RECORDS SUPPLIED:
——
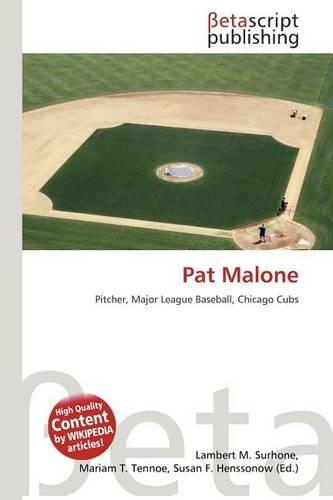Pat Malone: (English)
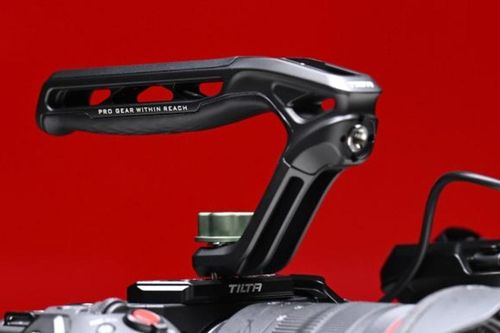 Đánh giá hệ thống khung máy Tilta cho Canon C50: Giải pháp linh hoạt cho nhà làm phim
——
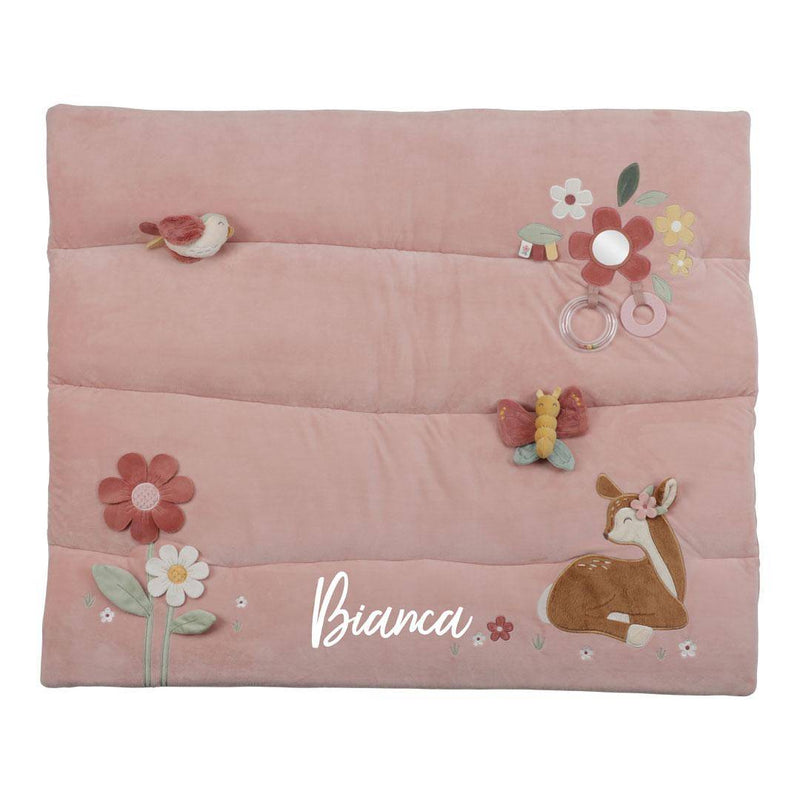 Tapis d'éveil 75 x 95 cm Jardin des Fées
——
WHAT IS REQUIRED:
What you write out is the stretch of entries from the line containing "Pat Malone: (English)" to the line containing "Đánh giá hệ", word for word, with both end lines and no pictures.

ANSWER SECTION:
Pat Malone: (English)
 Đánh giá hệ thống khung máy Tilta cho Canon C50: Giải pháp linh hoạt cho nhà làm phim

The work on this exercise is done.